• _Task_:
Start at the line below containing "A collection of" and stop at the line containing "some blueberry muffins". Repeat every line of that stretch exactly, and nothing outside it.

Segment Open

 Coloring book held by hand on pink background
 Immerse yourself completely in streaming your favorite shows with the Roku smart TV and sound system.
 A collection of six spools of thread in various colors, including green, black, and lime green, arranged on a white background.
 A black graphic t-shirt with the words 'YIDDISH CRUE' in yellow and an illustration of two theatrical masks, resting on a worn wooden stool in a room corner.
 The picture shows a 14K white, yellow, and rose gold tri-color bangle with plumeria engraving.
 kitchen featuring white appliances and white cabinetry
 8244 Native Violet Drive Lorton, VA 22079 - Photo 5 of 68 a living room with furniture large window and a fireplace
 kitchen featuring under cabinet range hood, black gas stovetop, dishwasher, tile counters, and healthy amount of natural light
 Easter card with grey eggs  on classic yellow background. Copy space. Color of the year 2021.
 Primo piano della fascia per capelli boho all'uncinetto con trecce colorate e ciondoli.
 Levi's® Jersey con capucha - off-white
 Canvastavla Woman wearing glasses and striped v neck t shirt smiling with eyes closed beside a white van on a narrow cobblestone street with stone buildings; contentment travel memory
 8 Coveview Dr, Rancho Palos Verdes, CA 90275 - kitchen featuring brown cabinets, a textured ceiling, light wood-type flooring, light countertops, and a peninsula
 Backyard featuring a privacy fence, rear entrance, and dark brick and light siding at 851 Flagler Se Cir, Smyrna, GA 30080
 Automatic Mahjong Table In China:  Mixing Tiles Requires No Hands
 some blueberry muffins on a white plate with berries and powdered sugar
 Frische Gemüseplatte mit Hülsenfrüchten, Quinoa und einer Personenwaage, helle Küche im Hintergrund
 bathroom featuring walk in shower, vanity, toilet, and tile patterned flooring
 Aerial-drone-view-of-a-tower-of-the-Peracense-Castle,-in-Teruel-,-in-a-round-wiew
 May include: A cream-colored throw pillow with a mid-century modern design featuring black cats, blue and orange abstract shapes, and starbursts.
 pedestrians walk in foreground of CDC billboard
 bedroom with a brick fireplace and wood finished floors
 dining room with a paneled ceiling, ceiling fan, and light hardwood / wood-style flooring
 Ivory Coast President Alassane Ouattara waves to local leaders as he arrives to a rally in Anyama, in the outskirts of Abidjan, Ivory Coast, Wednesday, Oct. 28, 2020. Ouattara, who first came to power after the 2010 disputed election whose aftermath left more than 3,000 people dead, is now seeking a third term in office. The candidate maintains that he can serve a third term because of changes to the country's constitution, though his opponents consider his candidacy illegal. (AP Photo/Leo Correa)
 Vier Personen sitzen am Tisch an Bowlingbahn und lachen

Segment Closed

• _Exercise response_:
 A collection of six spools of thread in various colors, including green, black, and lime green, arranged on a white background.
 A black graphic t-shirt with the words 'YIDDISH CRUE' in yellow and an illustration of two theatrical masks, resting on a worn wooden stool in a room corner.
 The picture shows a 14K white, yellow, and rose gold tri-color bangle with plumeria engraving.
 kitchen featuring white appliances and white cabinetry
 8244 Native Violet Drive Lorton, VA 22079 - Photo 5 of 68 a living room with furniture large window and a fireplace
 kitchen featuring under cabinet range hood, black gas stovetop, dishwasher, tile counters, and healthy amount of natural light
 Easter card with grey eggs  on classic yellow background. Copy space. Color of the year 2021.
 Primo piano della fascia per capelli boho all'uncinetto con trecce colorate e ciondoli.
 Levi's® Jersey con capucha - off-white
 Canvastavla Woman wearing glasses and striped v neck t shirt smiling with eyes closed beside a white van on a narrow cobblestone street with stone buildings; contentment travel memory
 8 Coveview Dr, Rancho Palos Verdes, CA 90275 - kitchen featuring brown cabinets, a textured ceiling, light wood-type flooring, light countertops, and a peninsula
 Backyard featuring a privacy fence, rear entrance, and dark brick and light siding at 851 Flagler Se Cir, Smyrna, GA 30080
 Automatic Mahjong Table In China:  Mixing Tiles Requires No Hands
 some blueberry muffins on a white plate with berries and powdered sugar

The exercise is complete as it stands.